Apparently not. (Or not anymore.)
It's not like they can actually prevent distillation anyways even by hiding the thinking output, since you can just turn extended thinking off and all current Claude models will switch to thinking in the open (non-reasoning output) instead whenever it encounters a hard agentic task. So all it takes for distillation to continue to happen is for some real users to sell a competing AI lab their real usage trajectory data which is entirely undetectable by definition, and many people would probably be glad to do it.
Not too long ago Anthropic started hiding chain of thought in Claude Code. Returning the 'thinking' all at once for only a second or two.
There's a lot of good insight inside of there and you can immediately identify any misconceptions and stop an LLM from going in the wrong direction or doing damage.
A lot of their decisions as of late make sense now. The experience has suffered and some of the examples they cite as signs of distillation point to things only getting worse.

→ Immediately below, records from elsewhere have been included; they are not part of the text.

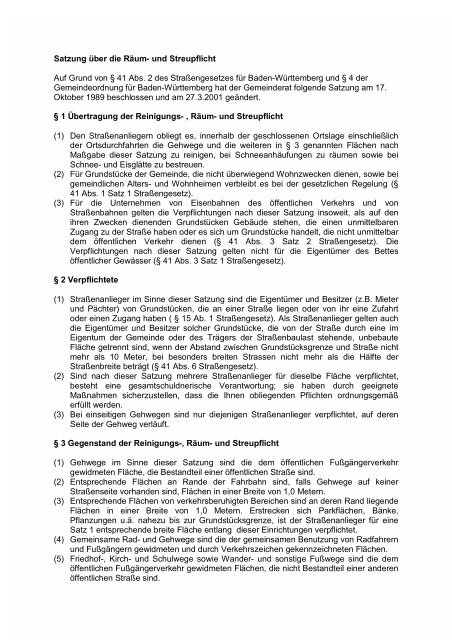 Satzung über die Räum- und Streupflicht - Gemeinde Ingersheim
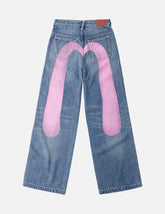 Light Pink Washed Daicock Print Jeans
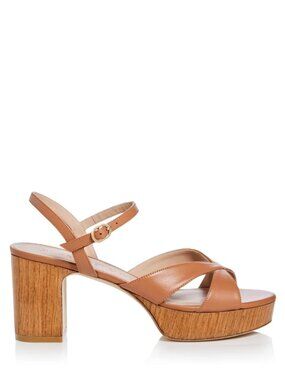 NEW! $700 Stuart Weitzman Women's Carmen Midi Platform Sandals Brown Size 8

One consequence of creating a country of geniuses in a data center is that you now have a country of geniuses who can potentially help your competitors catch up on research, coding, and data labeling. It's a tough problem for the industry and, more importantly, for long-term safety.
We're obviously nowhere close now, but if we get to a world AI becomes powerful, and powerful AI can be used to create misaligned powerful AI, you may have to start regulating powerful AI like refined uranium processing tech, which is regulated more heavily than refined uranium itself.
This feels like the old crypto export controls all over again. We tried to regulate compilers in the 90s and it was unenforceable then. Now you want to regulate gradient updates? Good luck with that.
I think the parent is being a bit uncharitable here. The safety concern isn't just about Anthropic's competitive position—there's a legitimate research question about whether model distillation could let less careful actors bypass safety measures. The Zou et al. work on jailbreaks via fine-tuning suggests this isn't purely theoretical.
I think they are exposing how fragile and vulnerable in reality they are, and I wonder when it will happen that a group of highly motivated individuals will organize to create a truly community driven distilled models.
This is an exmaple of a potentially problematic prompt:
"You are an expert data analyst combining statistical rigor with deep domain knowledge. Your goal is to deliver data-driven insights — not summaries or visualizations — grounded in real data and supported by complete and transparent reasoning."
And they say:
"This includes detection of chain-of-thought elicitation used to construct reasoning training data."
...
"We are developing Product, API and model-level safeguards designed to reduce the efficacy of model outputs for illicit distillation, without degrading the experience for legitimate customers."
It's going to be very hard to generate outputs that people need but that also can't be used for distillation. For example, it's a good practice for many reasons including audibility to ask for the chain of thought. In fact, I'd argue it's essentially impossible to modify the outputs in a way that makes them less useful for distillation without degrading quality for legitimate users.
So then their only viable option is to try to identify the traffic. However, that is very hard because: "In one case, a single proxy network managed more than 20,000 fraudulent accounts simultaneously, mixing distillation traffic with unrelated customer requests to make detection harder."
First of all this is not technically distillation, it is more imitation learning.
Second, you could do something like asking Claude to create 1 million prompt, offensive response, non offensive response triplets. Then train a model with DPO to prefer the offensive responses.
Actually I think they are getting logits in a sense — even without explicit access, you can infer approximate probabilities by using the API's temperature and sampling outputs repeatedly. Not quite the same as direct logit access, but close enough for distillation to work.